The outbreak of war in 1939 led to increased demand for timber for construction, fuel and pulp for paper and the pressure to ‘salvage’ trees killed in the Black Friday bushfires became ‘frantic’. In September 1941, nearly 3 million feet of timber was railed out of Healesville alone, a Victorian record[v]. Another effect of the war was that the diesel engine was developed for use in heavy military machinery, such as trucks and tanks. After the war the technology was developed further for use in agriculture and forestry.

In the post-war era the axe and cross-cut saw were replaced by chainsaws. Electricity and diesel supplanted steam engines and roads took over from the timber tramways, which had largely been burned in the 1939 fires[vi]. This increased mechanisation made possible the industrial scale clear-felling of large areas of forest in a single operation and by the early 1970s clear-felling had been adopted as the recommended method of logging regrowth Ash[vii].

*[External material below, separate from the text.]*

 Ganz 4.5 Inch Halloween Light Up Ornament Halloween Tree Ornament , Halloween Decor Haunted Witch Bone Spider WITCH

By 1974 less than 6% of the Ash forests in Central Victoria was older than regrowth following the 1939 fires[viii] and conservationists were becoming alarmed. Coincidentally, the Leadbeater’s Possum, a species first described in 1867 and presumed extinct since 1909, was re-discovered by Eric Wilkinson in Ash forest near Marysville in 1961[ix]. The importance of protecting suitable habitat for the possum was soon recognised and the Field Naturalists Club of Victoria wrote to the Wildlife Department in March 1962 urging that roadside vegetation in the area be left ‘as intact as possible’[x].

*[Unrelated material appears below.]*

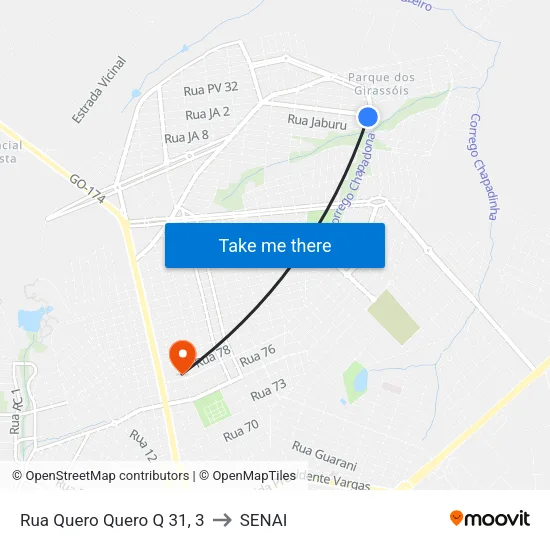 Rua Quero Quero Q 31, 3 to SENAI map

‘Timber harvesting, forest management and conservation of Leadbeater’s Possum were contentious issues throughout the 1970s’[xi]. In 1975 the Land Conservation Council (LCC) recommended creation of parks covering the Armstrong Creek catchment and the Baw Baws[xii]. The LCC recommendations left Toolangi available for hardwood production. However, with further sightings of the possum being made, in 1980 the Native Forest Action Council published a broadsheet calling for creation of a National Park that did include the eastern part of Toolangi State Forest, describing the proposal as ‘the only way to protect the Leadbeater’s Possum from extinction’[xiii].

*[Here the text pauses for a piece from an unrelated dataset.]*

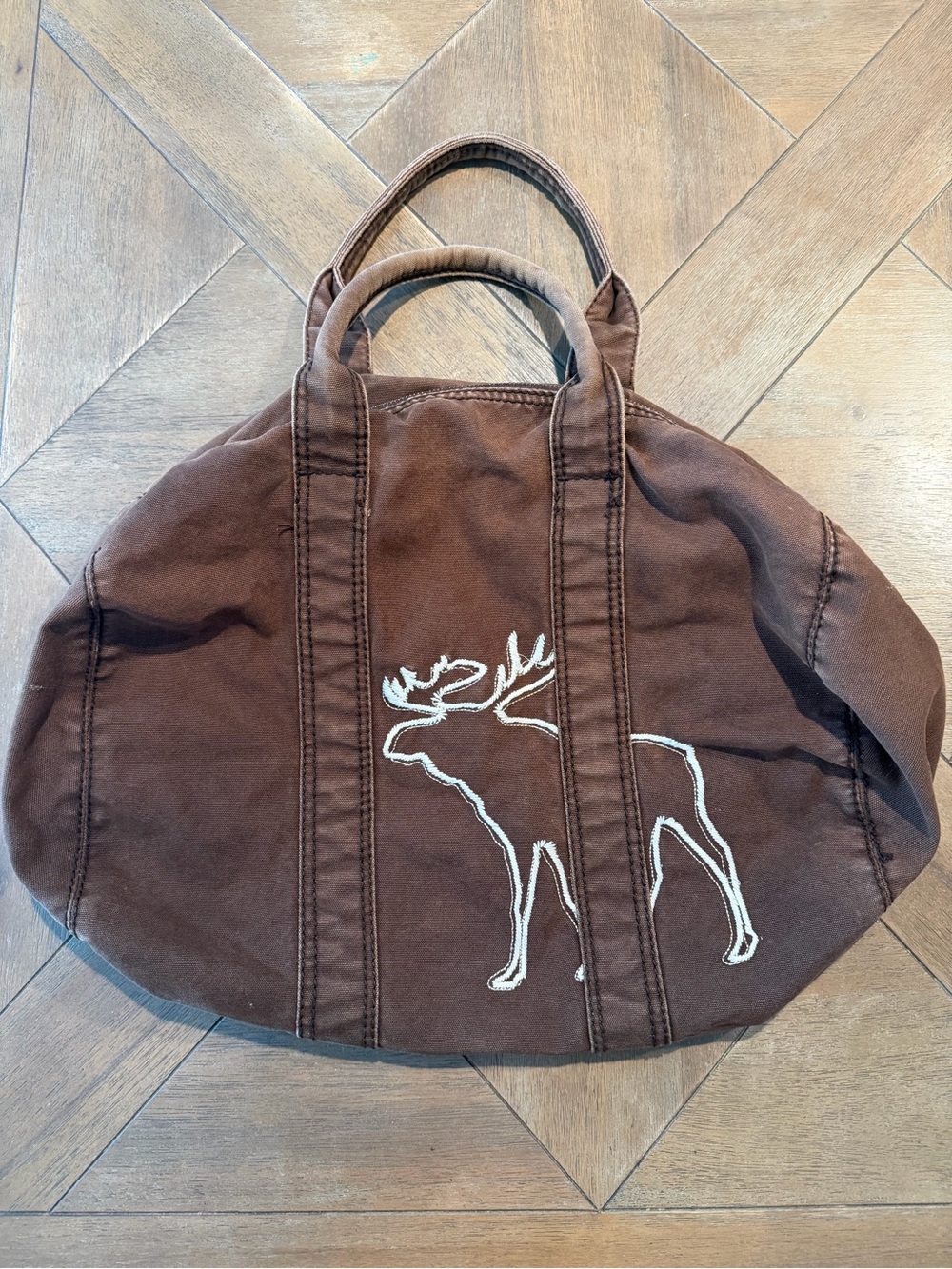 Abercrombie Fitch Brown Embroidered Moose Duffle Purse Bag Y2K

Wet forest soils are characterised by the production and decomposition of leaves, bark, twigs and other organic material that fall to the ground, forming a ‘topsoil enriched in organic matter and plant nutrients’[xiv]. In the 1960s a dam was being excavated on a Toolangi property off Myers Creek Road and the landowners found there was a market value for the removed ‘mountain topsoil’ for use in city gardens[xv]. Removing and selling topsoil from properties in and around Toolangi, known as ‘topsoiling’, was a practice that developed and soon became widespread. On one occasion, a property came on the market and the real estate agent involved bought it himself to strip the topsoil for profit before selling it on[xvi]. The practice continued for several years despite some locals such as Peter Perry, a strawberry runner farmer, being ‘violently against it’. ‘I could not understand it’, Peter explained. ‘I came here because of the soils and there’s these dopey bastards selling it!’[xvii]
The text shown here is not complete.